Secondo le stime di Rystad Energy nel 2021 si installeranno 11,8 GW di impianti eolici in mare su scala globale, quasi il triplo rispetto al 2020 (4,2 GW).

Così la potenza cumulativa nell’eolico offshore toccherà 43,7 GW alla fine dell’anno, +37% in confronto alla capacità totale installata a fine 2020 nel mondo (31,9 GW).

I grafici qui sotto riassumono i numeri in gioco.

Sarà la Cina a trainare i progetti nel settore offshore con il 63% della nuova capacità realizzata quest’anno.

Olanda, Gran Bretagna e Vietnam saranno gli altri mercati più dinamici per l’eolico in mare nel 2021, con singole quote di mercato tra il 7-10% del nuovo installato a livello mondiale.

Intanto il peso della Cina, per quanto riguarda la capacità cumulativa dei parchi offshore costruiti nei diversi anni, era passato dal 20 al 23% tra 2019 e 2020 grazie a una prima decisa accelerata degli investimenti.

Il boom cinese del 2021, spiega Rystad Energy, è da imputare a due fattori.

Il primo è la corsa degli operatori a completare i progetti prima della scadenza, proprio a fine 2021, degli incentivi feed-in per questa tecnologia rinnovabile.

Il secondo fattore è che diversi progetti sono stati posticipati dal 2020 al 2021 a causa del coronavirus.

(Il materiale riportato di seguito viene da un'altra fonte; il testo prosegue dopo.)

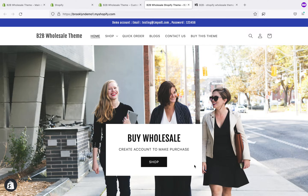I created a wholesale theme in Shopify that is just plug and play. Using this theme, you can run your wholesale business. You just need to install the theme in Shopify and it will work the same as this demo.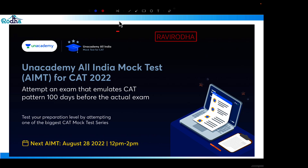Also, do give the AIMT mock test on 28th August at 12 PM. The link is in the description — enroll and take the test. You'll also get a full mock analysis covering key questions, strategy, and how to approach LRDI and Quant sections.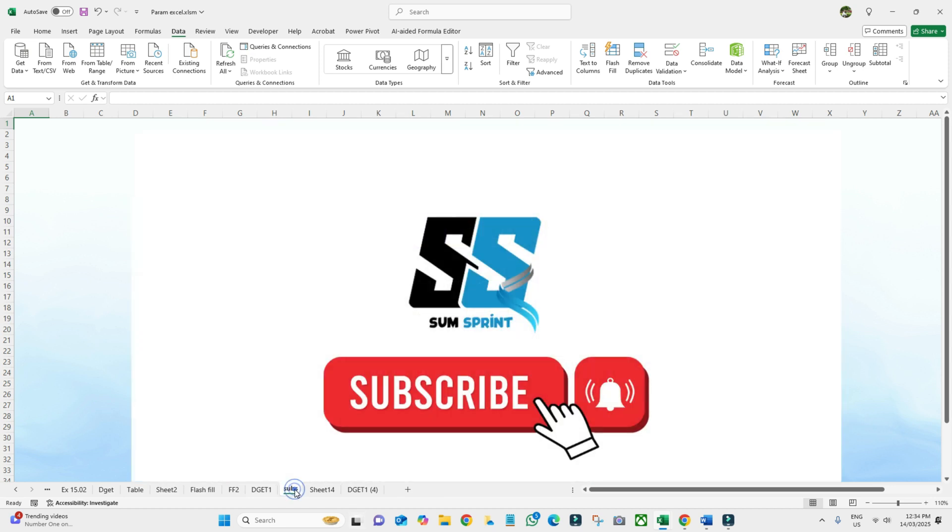But before jumping on that, if you haven't subscribed to my channel, please subscribe to Sum Sprint. I will be very thankful for that.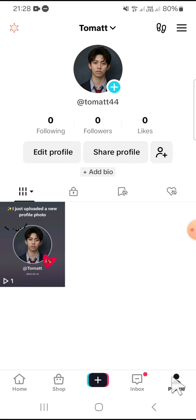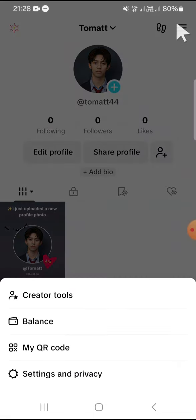After that, we can click on the three lines button on the top right corner of our screen and select Settings and Privacy.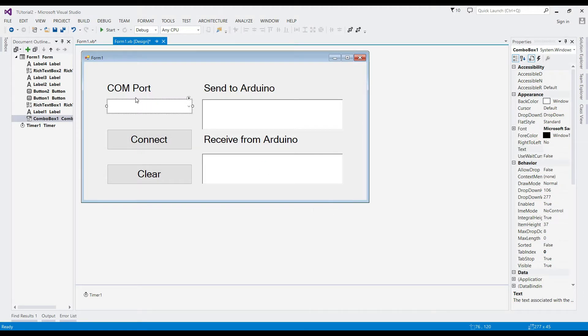Welcome to another VB.NET tutorial. In this tutorial we are going to learn how to connect Arduino to Visual Studio and vice versa. I've already added some objects in this form.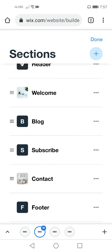Now let's check the footer. As you can see, we cannot delete the header and the footer — it means these two sections are vital. Header and footer are main parts of a site, particularly a blog site. Now let's check what is in the footer.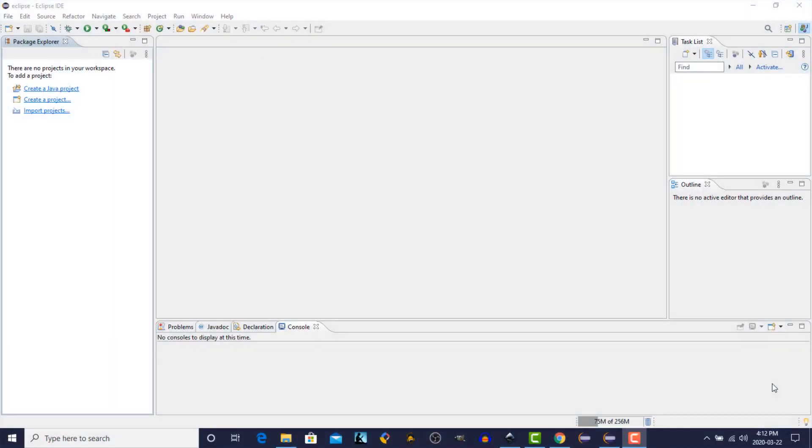Hi, this is Dave from javacodejunkie.com. Welcome to another episode in our JavaFX for Beginners series.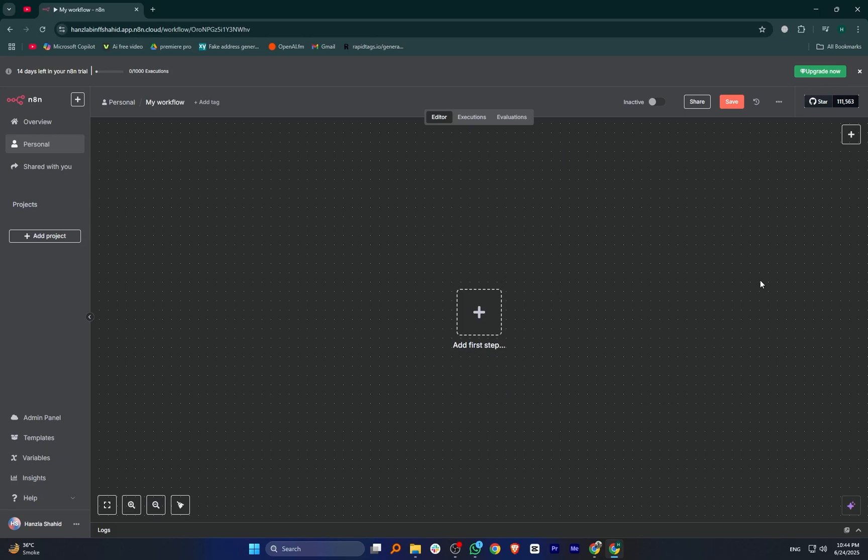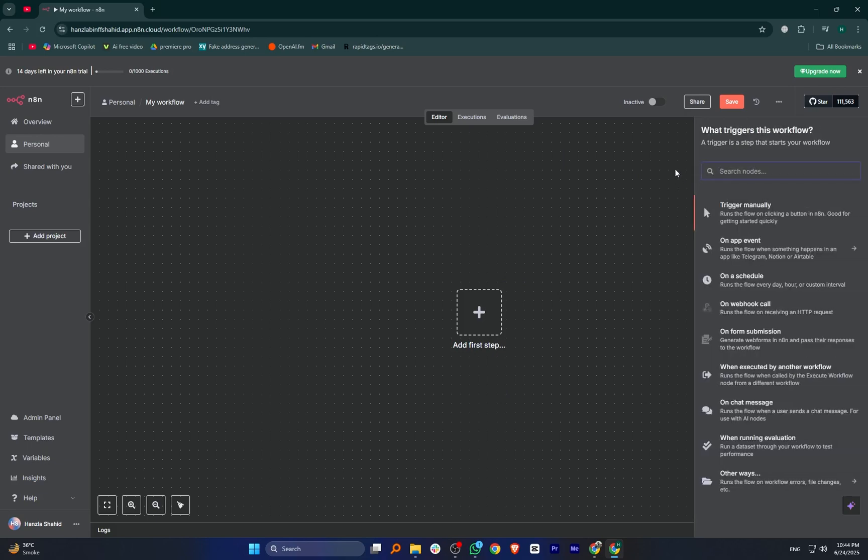First, go to N8N and make sure you log in. Then click on the plus icon in the top right corner to add a new tab.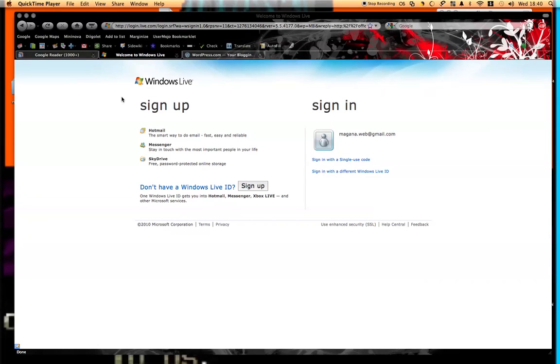We're going to take a look at the new Microsoft Office Live web apps. This is basically, if you've ever used Google Docs, this is like Microsoft's version.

È bene precisare che le stime di Rystad, sia per il 2020 che per l’anno in corso, si riferiscono esclusivamente agli impianti pienamente operativi e quindi possono essere inferiori alle stime di chi si riferisce più genericamente alla nuova potenza connessa in rete/appena installata.

Ricordiamo che la Cina nel 2020 ha segnato numeri elevatissimi nell’eolico: quasi 72 GW di potenza installata in un anno tra parchi a terra e in mare.

Attenzione però a leggere correttamente il dato, come spiega il Global Wind Energy Council (Gwec) in una nota: questo numero rappresenta la capacità totale eolica connessa in rete nel 2020 e quindi include circa 26 GW installati nel 2019 e collegati alla rete elettrica l’anno successivo.

Insomma, togliendo questo “volume latente”, spiega il Gwec, la nuova potenza eolica effettivamente realizzata in Cina nel 2020 ammonta a 45 GW.

Così il 2020, trainato da Pechino, è stato l’anno record per l’eolico a livello internazionale: le stime parlano di 82 GW (+36% sul 2019), di cui 6,5 GW offshore.

Quest’ultimo è un dato più alto rispetto a quello di Rystad ma, come detto in precedenza, Rystad considera solo gli impianti resi al 100% operativi in un determinato anno, pertanto le sue stime possono essere più strette di altre.